===== Task inputs

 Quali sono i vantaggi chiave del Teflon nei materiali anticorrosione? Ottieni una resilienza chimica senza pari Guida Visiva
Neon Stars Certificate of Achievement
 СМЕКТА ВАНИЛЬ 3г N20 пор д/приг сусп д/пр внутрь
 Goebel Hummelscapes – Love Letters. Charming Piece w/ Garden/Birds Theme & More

==========
===== Task inputs

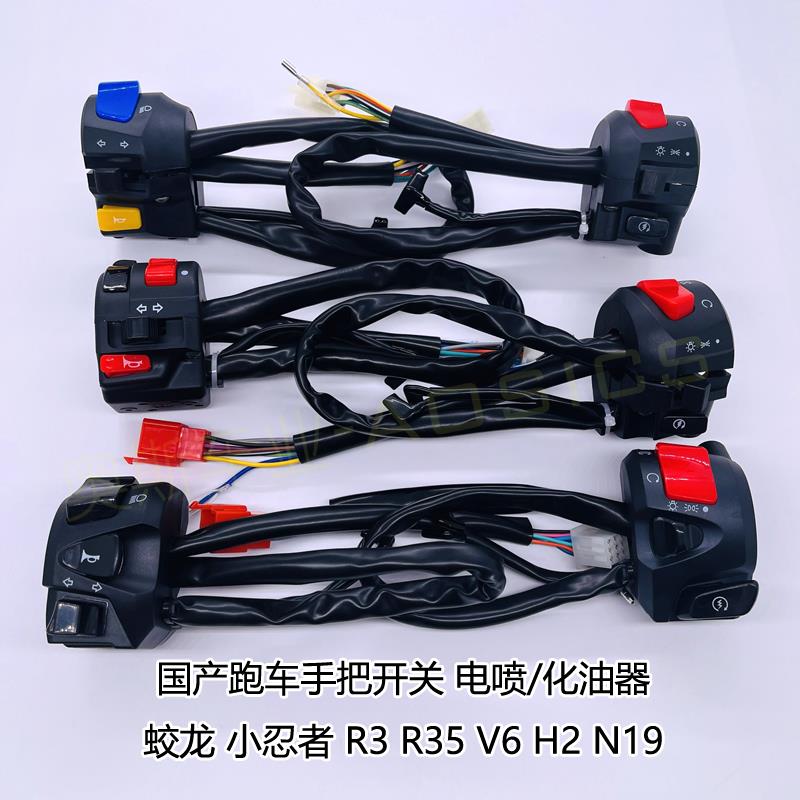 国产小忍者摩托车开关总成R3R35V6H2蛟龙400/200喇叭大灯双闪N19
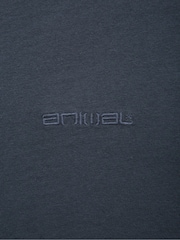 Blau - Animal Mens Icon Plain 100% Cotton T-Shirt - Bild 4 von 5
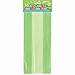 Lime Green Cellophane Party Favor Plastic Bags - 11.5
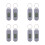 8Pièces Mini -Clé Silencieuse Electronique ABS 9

==========

Exercise details
From the material above, output only the span of lines that starts at the one containing "国产小忍者摩托车开关总成R3R35V6H2蛟龙400/200喇叭大灯双闪N19" and finishes at the one containing "8Pièces Mini -Clé", word for word and free of pictures.

Solution to the exercise
 国产小忍者摩托车开关总成R3R35V6H2蛟龙400/200喇叭大灯双闪N19
 Blau - Animal Mens Icon Plain 100% Cotton T-Shirt - Bild 4 von 5
 Lime Green Cellophane Party Favor Plastic Bags - 11.5
 8Pièces Mini -Clé Silencieuse Electronique ABS 9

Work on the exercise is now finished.